The Federation of Small Businesses will make the call for reform of the National Insurance Holiday scheme for start-ups that George Osborne launched in 2010, a key element of its submission ahead of the Chancellor's forthcoming autumn statement.
The organisation will renew demands for the scheme to be widened to provide NIC holidays for all small firms that create jobs amid mounting evidence the results of the programme are falling way short of expectations.
Figures obtained by The Herald from the Treasury show just 2871 businesses in Scotland had benefited from the scheme on 30 September, following two years of operations. Only 19,705 firms across the UK have benefited from a programme that the Chancellor claimed would help 400,000 firms in the UK over three years.
With only one year to run, the programme is on course to help 30,000 firms across the UK, less than 10% of the number expected, and around 4300 in Scotland.
Colin Borland, head of external affairs for the FSB in Scotland, said: "When we press the Chancellor on what should be in the autumn statement this is going to be near the top of the list as figures issued show the scheme has clearly failed to deliver what was anticipated."
Scottish Chambers of Commerce echoed the call for reform of a scheme that a spokesman said had clearly not done much to encourage employers to create badly needed jobs.
The latest revelations raise fresh questions about the value of a policy initiative that was a centrepiece of George Osborne's emergency Budget of June 2010. The NIC holiday scheme was expected to have a significant impact in Scotland.
In his speech the Chancellor included the scheme in a range of measures intended to help rebalance the economy by providing support for "those regions more dependent on the public sector".
"The Treasury estimates some 400,000 businesses will benefit, ensuring all parts of our country contribute to a more balanced and sustainable economic future," said Mr Osborne.
The scheme exempts anyone who starts up a new business outside London, the south-east and the eastern region, from up to £5000 of NIC payments for each of their first 10 employees.
Given the historic importance of the public sector to Scotland's economy, the country would have been expected to enjoy a greater share of the relief than it would on a population basis.

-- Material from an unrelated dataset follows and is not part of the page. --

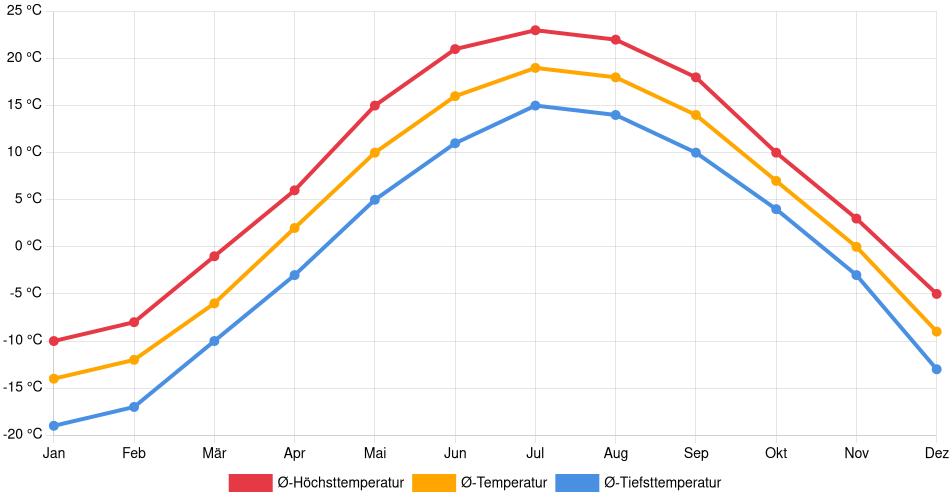Temperaturverlauf in Alma: Durchschnittstemperaturen der letzten 30 Jahre (1994–2024) nach Monat – Durchschnitt, Höchst- & Tiefstwerte der letzten 30 Jahre Liniendiagramm des Temperaturverlaufs in Alma (Kanada) mit durchschnittlichen Temperaturen, Höchst- und Tiefstwerten pro Monat über die letzten 30 Jahre (1994–2024).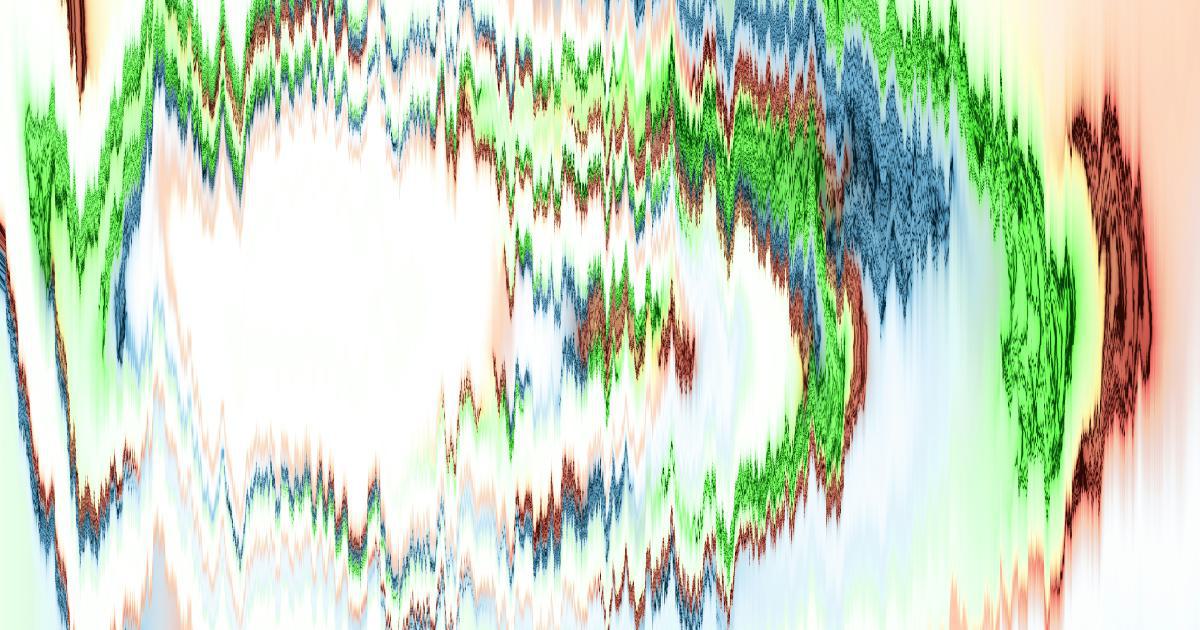 Heatmap Analysis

With around 8% of the UK population, Scotland could expect 32,000 to benefit on a per capita basis over the scheme's three years.
However, the take-up rate has remained low in Scotland since the scheme came into effect.
In August last year The Herald revealed only 800 firms in Scotland benefited in the first 11 months of the scheme.
Both the FSB and Scottish Chambers want the Government to take a bolder approach to helping firms create jobs by relieving the NIC burden for a much wider range of businesses.
Mr Borland said research for FSB indicated extending the holiday to all micro-firms, with fewer than 10 employees, would create 45,000 jobs across the UK.
The organisation believes the tax revenues and boost to spending generated by the new jobs would make the scheme self-funding.
Garry Clark, head of policy and public affairs at Scottish Chambers of Commerce, said: "Looking at Employers' National Insurance it's pretty nakedly a tax on job creation. The scheme the Government came up with has clearly not done very much to change that."
Mr Clark said an across-the-board cut in Employers' NIC would be a much more effective way of encouraging firms to create jobs.
The Chancellor will lay out his plans for the economy when he delivers the autumn statement on December 5.